A dare notizia degli assalti è stato sul suo sito internet Sat7Turk, il canale turco di Sat7, network che rappresenta la voce più significativa dei cristiani in tutto il Medio Oriente. I due episodi si sarebbero verificati sabato sera, durante le manifestazioni a sostegno di Erdogan. Secondo quanto riferito dal sito a Malatya sono state scagliate pietre contro le finestre della chiesa, mandandole in fratumi. A Trabzon – invece – dove le manifestazioni in favore dell’Akp sono state particolarmente imponenti, una decina di persone si sarebbero dirette verso la chiesa che fu di don Santoro cercando di forzarne l’ingresso. Non sarebbero però riuscite ad entrare grazie ad alcuni vicini (musulmani) che avrebbero lanciato l’allarme.
In entrambi i casi si è trattato solo di danni lievi a edifici in quel momento vuoti. Ma il carattere intimidatorio è lo stesso evidente; sia per il significato dei due luoghi sia per il fatto che non si tratta di episodi isolati. Per esempio anche nelle zone abitate dagli aleviti – minoranza molto significativa in Turchia – nelle ultime ore sono state segnalate violenze commesse dalla folla scesa in piazza a sostegno del presidente Erdogan.
Va anche aggiunto che proprio nelle ultime settimane era già giunto un nuovo segnale preoccupante proprio in relazione alla strage di Malatya: come raccontava l’agenzia Fides in questo articolo anche l’ultimo accusato detenuto per l’eccidio era stato rimesso in libertà, mentre il processo continua ad allungarsi all’infinito.

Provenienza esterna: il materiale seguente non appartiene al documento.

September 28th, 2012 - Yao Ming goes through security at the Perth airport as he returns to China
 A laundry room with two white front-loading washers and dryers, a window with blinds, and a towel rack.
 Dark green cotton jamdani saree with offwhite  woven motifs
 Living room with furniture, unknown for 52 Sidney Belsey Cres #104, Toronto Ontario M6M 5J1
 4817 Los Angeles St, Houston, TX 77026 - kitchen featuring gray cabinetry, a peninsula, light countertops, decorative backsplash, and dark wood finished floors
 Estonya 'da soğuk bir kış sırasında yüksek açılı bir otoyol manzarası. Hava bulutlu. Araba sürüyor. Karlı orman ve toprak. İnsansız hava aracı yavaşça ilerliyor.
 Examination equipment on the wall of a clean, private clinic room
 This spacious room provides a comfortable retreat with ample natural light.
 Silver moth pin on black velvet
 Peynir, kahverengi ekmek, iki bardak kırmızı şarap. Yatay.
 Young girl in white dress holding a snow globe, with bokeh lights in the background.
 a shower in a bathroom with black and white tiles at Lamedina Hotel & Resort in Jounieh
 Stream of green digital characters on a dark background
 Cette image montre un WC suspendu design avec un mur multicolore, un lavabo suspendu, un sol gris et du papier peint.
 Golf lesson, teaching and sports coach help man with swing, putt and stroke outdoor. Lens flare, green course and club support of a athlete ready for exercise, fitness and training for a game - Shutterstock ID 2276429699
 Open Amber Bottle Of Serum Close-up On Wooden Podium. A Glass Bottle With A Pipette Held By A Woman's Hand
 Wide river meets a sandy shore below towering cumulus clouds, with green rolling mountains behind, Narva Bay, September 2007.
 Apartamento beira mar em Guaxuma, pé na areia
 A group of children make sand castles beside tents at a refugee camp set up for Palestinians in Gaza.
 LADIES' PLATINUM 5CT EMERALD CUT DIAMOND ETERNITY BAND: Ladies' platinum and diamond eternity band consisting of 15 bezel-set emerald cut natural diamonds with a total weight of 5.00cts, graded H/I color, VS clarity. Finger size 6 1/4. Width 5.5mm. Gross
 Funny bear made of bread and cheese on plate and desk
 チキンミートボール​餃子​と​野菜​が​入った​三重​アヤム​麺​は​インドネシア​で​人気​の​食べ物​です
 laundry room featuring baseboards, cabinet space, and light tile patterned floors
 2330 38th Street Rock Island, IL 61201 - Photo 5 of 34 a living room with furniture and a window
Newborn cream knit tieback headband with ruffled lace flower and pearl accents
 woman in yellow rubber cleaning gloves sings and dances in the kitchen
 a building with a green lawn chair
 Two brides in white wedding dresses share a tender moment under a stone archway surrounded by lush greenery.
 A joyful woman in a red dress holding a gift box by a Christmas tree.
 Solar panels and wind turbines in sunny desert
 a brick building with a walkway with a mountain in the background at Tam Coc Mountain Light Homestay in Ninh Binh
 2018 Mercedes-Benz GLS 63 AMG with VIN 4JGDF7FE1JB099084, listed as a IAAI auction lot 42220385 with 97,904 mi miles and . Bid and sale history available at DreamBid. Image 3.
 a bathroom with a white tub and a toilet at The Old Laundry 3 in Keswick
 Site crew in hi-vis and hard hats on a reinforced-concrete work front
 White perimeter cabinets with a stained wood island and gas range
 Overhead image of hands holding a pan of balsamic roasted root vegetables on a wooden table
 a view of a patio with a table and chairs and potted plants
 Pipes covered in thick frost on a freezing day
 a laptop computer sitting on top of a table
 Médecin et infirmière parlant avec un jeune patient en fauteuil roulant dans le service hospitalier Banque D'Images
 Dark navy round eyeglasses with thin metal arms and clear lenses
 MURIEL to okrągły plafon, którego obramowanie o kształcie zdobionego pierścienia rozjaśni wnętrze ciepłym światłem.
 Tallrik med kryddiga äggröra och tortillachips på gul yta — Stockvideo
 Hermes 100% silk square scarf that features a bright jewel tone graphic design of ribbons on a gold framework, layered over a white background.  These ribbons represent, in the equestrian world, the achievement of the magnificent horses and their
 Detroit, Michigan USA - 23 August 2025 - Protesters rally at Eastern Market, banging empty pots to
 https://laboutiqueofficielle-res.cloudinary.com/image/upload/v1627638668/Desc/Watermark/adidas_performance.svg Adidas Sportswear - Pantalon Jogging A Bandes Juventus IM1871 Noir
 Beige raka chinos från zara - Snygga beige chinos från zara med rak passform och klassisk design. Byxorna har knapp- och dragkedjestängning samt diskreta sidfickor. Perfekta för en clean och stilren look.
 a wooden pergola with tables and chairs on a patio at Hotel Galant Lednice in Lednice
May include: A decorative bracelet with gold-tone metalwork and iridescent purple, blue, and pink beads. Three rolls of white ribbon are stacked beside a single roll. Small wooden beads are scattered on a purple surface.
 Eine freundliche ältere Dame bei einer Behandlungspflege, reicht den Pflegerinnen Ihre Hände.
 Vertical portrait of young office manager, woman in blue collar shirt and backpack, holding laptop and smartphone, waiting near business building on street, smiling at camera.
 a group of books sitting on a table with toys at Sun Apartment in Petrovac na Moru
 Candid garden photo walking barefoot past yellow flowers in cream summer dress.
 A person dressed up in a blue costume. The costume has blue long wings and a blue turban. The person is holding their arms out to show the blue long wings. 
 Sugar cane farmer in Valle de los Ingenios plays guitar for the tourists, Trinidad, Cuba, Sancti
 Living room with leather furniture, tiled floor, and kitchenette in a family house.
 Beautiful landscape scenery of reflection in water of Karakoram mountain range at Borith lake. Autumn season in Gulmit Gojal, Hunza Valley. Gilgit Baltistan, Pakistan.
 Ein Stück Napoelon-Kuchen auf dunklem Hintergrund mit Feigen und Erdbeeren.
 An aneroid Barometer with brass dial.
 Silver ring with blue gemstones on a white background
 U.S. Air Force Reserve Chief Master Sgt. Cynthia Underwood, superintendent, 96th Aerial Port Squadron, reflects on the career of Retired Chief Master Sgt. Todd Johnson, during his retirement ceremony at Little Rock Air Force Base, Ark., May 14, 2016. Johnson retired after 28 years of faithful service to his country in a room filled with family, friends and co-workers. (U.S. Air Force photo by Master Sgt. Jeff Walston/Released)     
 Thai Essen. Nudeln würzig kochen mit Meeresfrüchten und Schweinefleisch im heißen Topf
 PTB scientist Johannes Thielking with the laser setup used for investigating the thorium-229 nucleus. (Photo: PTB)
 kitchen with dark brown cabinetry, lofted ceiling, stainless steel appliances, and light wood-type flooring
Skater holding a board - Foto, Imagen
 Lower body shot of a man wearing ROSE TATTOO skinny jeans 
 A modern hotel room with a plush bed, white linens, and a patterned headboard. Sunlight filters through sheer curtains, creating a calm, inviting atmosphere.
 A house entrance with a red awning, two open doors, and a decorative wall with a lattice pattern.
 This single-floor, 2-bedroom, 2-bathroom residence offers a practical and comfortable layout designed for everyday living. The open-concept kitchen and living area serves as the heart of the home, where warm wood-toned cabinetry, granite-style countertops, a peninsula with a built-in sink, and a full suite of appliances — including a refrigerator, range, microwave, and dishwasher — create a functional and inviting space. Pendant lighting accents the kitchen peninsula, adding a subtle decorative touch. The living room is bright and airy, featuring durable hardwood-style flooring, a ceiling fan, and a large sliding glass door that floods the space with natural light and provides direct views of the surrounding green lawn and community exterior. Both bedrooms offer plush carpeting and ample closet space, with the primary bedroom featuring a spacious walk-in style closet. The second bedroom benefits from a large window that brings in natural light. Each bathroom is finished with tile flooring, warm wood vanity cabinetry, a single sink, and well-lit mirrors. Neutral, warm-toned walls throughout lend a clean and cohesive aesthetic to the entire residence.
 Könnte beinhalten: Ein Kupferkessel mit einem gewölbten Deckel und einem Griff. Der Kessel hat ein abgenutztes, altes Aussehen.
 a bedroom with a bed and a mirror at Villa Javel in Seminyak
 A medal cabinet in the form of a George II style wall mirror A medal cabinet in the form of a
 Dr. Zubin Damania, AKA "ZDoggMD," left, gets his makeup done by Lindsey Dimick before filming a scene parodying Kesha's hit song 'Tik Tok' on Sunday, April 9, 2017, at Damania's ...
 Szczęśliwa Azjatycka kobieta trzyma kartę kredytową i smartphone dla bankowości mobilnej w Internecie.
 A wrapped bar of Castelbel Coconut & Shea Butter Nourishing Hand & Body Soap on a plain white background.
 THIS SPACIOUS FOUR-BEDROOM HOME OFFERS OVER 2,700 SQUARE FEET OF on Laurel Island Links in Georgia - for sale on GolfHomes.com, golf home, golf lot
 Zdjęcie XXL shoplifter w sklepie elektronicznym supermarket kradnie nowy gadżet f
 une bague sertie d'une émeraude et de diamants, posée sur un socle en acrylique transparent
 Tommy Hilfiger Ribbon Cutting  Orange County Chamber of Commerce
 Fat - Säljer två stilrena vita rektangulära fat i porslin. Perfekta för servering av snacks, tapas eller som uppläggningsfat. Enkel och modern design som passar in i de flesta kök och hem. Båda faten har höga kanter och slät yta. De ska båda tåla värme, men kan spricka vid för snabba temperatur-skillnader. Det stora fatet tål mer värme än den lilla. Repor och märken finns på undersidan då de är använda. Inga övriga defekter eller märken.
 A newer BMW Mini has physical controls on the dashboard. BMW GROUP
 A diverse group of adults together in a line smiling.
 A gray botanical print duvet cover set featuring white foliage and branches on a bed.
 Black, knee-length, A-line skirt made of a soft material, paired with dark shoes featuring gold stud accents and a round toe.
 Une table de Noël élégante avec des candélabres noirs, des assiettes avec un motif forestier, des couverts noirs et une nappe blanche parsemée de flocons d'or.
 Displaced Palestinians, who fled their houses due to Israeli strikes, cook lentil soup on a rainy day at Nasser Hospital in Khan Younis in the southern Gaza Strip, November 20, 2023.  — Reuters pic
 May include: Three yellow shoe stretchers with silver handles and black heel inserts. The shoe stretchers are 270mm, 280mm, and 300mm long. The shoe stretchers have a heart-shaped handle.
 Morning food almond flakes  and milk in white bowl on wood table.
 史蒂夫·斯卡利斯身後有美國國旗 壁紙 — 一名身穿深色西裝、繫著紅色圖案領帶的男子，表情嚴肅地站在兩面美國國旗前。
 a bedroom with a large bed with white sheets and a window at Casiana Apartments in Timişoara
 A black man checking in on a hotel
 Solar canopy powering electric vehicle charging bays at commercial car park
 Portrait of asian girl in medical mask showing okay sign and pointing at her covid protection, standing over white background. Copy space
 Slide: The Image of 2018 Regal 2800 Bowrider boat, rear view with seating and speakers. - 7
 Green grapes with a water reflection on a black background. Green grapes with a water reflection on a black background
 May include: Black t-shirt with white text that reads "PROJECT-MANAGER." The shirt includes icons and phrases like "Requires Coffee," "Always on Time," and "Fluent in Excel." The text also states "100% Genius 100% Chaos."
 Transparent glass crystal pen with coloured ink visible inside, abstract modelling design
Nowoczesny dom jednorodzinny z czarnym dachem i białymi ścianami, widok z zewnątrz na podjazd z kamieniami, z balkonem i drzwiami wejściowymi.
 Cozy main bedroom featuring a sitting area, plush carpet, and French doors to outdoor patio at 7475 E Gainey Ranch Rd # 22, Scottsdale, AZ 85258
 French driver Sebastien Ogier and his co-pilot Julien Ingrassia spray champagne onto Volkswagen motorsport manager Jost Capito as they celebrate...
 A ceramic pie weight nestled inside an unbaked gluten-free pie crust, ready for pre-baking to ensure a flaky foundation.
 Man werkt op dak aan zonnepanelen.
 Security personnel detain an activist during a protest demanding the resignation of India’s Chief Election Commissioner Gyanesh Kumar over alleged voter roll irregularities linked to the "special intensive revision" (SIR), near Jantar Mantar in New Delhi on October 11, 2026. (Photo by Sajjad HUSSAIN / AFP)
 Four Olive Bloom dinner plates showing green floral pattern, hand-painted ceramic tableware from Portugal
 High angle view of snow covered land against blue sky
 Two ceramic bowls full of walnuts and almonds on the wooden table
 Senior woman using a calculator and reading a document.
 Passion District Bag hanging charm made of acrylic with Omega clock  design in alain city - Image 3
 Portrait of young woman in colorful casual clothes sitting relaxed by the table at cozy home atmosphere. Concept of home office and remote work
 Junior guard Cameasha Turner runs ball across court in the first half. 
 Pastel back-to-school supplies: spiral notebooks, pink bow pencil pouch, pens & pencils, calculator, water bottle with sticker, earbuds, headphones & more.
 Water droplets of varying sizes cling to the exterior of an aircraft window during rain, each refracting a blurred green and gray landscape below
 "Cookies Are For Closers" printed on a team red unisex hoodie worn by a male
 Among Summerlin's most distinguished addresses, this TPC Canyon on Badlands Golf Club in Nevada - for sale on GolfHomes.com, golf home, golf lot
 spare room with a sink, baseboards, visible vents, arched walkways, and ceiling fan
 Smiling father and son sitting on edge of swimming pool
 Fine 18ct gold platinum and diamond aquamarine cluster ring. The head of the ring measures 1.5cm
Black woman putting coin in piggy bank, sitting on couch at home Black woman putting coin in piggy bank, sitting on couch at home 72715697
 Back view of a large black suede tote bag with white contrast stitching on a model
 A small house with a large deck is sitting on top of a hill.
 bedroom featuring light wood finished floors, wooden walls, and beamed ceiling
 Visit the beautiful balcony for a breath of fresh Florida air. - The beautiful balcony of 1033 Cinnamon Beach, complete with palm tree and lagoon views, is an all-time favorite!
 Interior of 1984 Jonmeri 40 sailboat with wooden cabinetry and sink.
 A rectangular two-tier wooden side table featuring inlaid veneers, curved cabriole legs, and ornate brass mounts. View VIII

E si intreccia proprio con lo scontro già in corso da tempo tra Erdogan e l’Hizmat, il movimento di Fetullah Gulen, oggi accusato apertamente dal presidente come mandante del golpe: alcune testimonianze puntano ad avvalorare la tesi secondo cui il processo per la strage dei cristiani a Malatya fosse stato manipolato da ambienti vicini a Fetullah Gulen, che avrebbero voluto utilizzarlo per far condannare i propri oppositori.
In questo scenario preoccupante oggi qualcuno in Turchia pare sentirsi nuovamente legittimato a mettere nel mirino i cristiani. O almeno a far loro avvertire che sono comunque nel mirino.